--- START ---

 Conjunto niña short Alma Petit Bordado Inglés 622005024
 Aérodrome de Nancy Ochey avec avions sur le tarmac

--- END ---
--- START ---

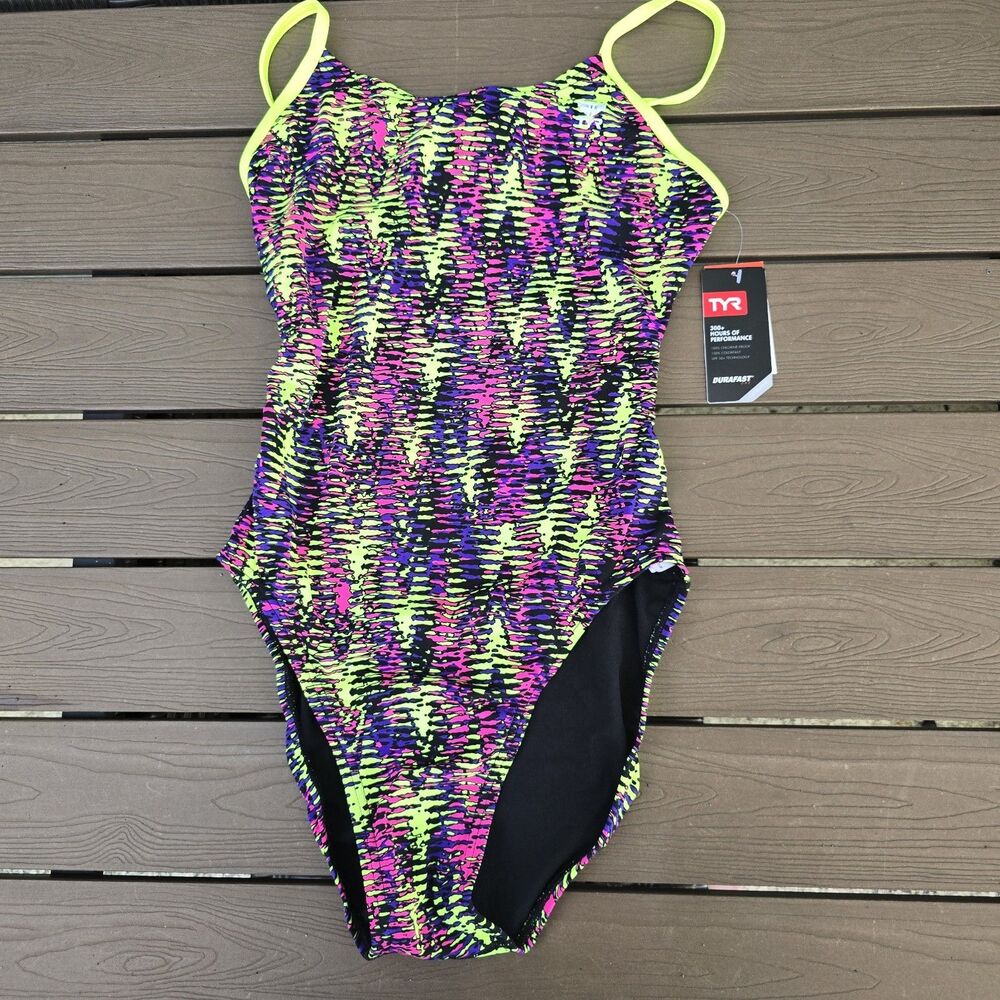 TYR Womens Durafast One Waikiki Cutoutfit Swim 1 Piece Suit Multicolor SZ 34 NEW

--- END ---
--- START ---

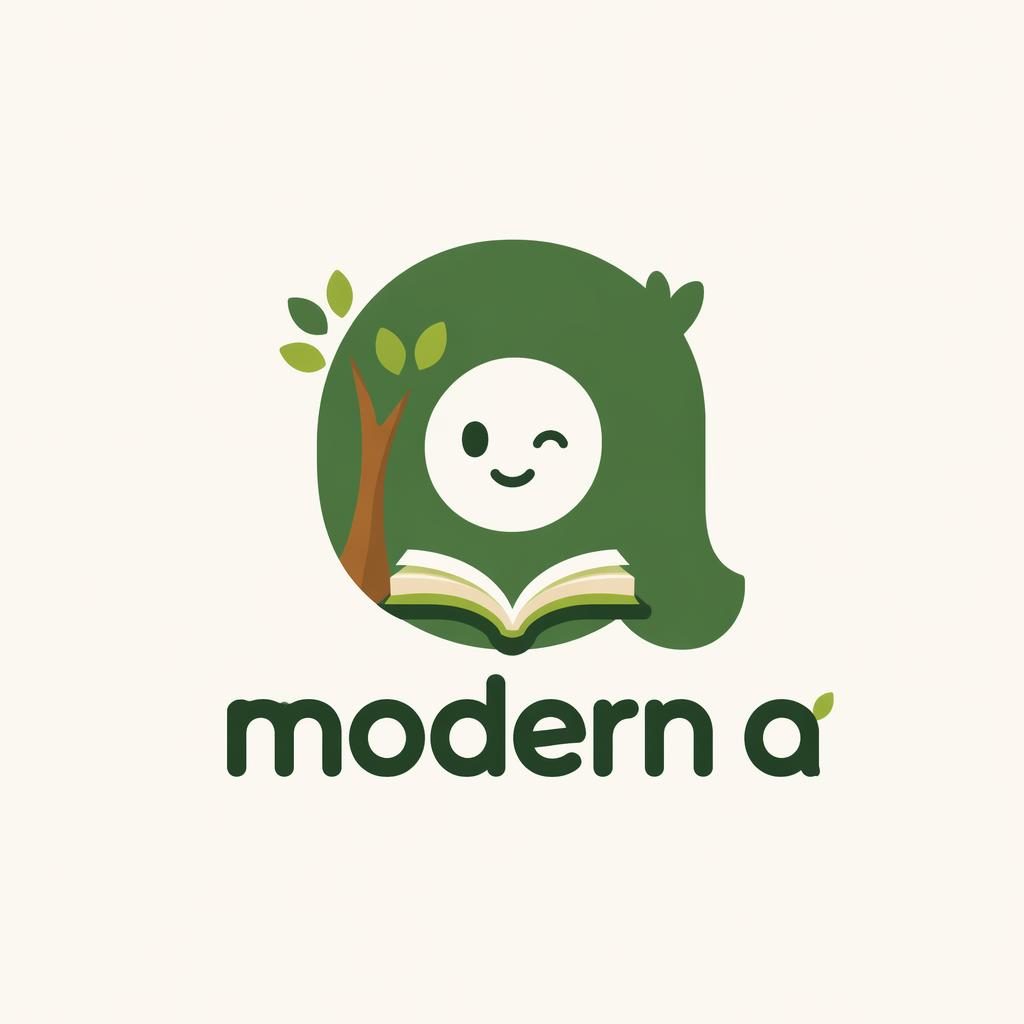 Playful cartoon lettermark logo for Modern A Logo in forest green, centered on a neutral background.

--- END ---

▶ **TASK TO CARRY OUT**
Each line above from the one with "Conjunto niña short" up to and including the one with "Aérodrome de Nancy" must be set down exactly, and no line outside that span may appear.

▶ **FINISHED EXERCISE**
 Conjunto niña short Alma Petit Bordado Inglés 622005024
 Aérodrome de Nancy Ochey avec avions sur le tarmac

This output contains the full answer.